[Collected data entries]
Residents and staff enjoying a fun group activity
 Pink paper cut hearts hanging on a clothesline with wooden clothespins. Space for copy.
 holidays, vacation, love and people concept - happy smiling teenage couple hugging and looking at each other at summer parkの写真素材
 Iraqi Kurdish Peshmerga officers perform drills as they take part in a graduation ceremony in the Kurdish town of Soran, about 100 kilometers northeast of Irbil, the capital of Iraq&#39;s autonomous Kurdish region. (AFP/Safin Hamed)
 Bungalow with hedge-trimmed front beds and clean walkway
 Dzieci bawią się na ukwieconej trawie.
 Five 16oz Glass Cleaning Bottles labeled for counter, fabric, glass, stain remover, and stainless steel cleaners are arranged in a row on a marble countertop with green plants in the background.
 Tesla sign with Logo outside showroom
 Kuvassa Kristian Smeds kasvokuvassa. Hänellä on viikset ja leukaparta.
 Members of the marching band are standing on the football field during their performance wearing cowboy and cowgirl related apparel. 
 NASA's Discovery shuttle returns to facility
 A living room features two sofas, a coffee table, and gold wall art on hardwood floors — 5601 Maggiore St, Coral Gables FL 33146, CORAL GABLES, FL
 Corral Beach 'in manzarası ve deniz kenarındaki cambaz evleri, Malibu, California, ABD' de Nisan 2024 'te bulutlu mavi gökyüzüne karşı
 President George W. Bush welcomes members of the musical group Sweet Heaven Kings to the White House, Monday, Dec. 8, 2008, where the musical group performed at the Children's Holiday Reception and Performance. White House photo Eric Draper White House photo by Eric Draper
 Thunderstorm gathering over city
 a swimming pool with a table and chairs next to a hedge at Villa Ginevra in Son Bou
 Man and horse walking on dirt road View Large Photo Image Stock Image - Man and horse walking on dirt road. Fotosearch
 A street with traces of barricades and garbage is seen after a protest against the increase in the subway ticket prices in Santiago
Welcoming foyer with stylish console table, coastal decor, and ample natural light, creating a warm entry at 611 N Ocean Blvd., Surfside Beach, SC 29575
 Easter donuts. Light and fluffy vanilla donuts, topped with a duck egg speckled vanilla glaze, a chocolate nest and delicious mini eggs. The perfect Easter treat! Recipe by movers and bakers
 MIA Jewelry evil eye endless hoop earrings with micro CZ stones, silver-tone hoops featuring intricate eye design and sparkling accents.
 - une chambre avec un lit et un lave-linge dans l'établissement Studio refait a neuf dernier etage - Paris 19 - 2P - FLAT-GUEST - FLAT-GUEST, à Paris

■ PROBLEM TO WORK ON
Every record shown above should be set down again exactly.

■ OUTPUT FOR THIS EXERCISE
Residents and staff enjoying a fun group activity
 Pink paper cut hearts hanging on a clothesline with wooden clothespins. Space for copy.
 holidays, vacation, love and people concept - happy smiling teenage couple hugging and looking at each other at summer parkの写真素材
 Iraqi Kurdish Peshmerga officers perform drills as they take part in a graduation ceremony in the Kurdish town of Soran, about 100 kilometers northeast of Irbil, the capital of Iraq&#39;s autonomous Kurdish region. (AFP/Safin Hamed)
 Bungalow with hedge-trimmed front beds and clean walkway
 Dzieci bawią się na ukwieconej trawie.
 Five 16oz Glass Cleaning Bottles labeled for counter, fabric, glass, stain remover, and stainless steel cleaners are arranged in a row on a marble countertop with green plants in the background.
 Tesla sign with Logo outside showroom
 Kuvassa Kristian Smeds kasvokuvassa. Hänellä on viikset ja leukaparta.
 Members of the marching band are standing on the football field during their performance wearing cowboy and cowgirl related apparel. 
 NASA's Discovery shuttle returns to facility
 A living room features two sofas, a coffee table, and gold wall art on hardwood floors — 5601 Maggiore St, Coral Gables FL 33146, CORAL GABLES, FL
 Corral Beach 'in manzarası ve deniz kenarındaki cambaz evleri, Malibu, California, ABD' de Nisan 2024 'te bulutlu mavi gökyüzüne karşı
 President George W. Bush welcomes members of the musical group Sweet Heaven Kings to the White House, Monday, Dec. 8, 2008, where the musical group performed at the Children's Holiday Reception and Performance. White House photo Eric Draper White House photo by Eric Draper
 Thunderstorm gathering over city
 a swimming pool with a table and chairs next to a hedge at Villa Ginevra in Son Bou
 Man and horse walking on dirt road View Large Photo Image Stock Image - Man and horse walking on dirt road. Fotosearch
 A street with traces of barricades and garbage is seen after a protest against the increase in the subway ticket prices in Santiago
Welcoming foyer with stylish console table, coastal decor, and ample natural light, creating a warm entry at 611 N Ocean Blvd., Surfside Beach, SC 29575
 Easter donuts. Light and fluffy vanilla donuts, topped with a duck egg speckled vanilla glaze, a chocolate nest and delicious mini eggs. The perfect Easter treat! Recipe by movers and bakers
 MIA Jewelry evil eye endless hoop earrings with micro CZ stones, silver-tone hoops featuring intricate eye design and sparkling accents.
 - une chambre avec un lit et un lave-linge dans l'établissement Studio refait a neuf dernier etage - Paris 19 - 2P - FLAT-GUEST - FLAT-GUEST, à Paris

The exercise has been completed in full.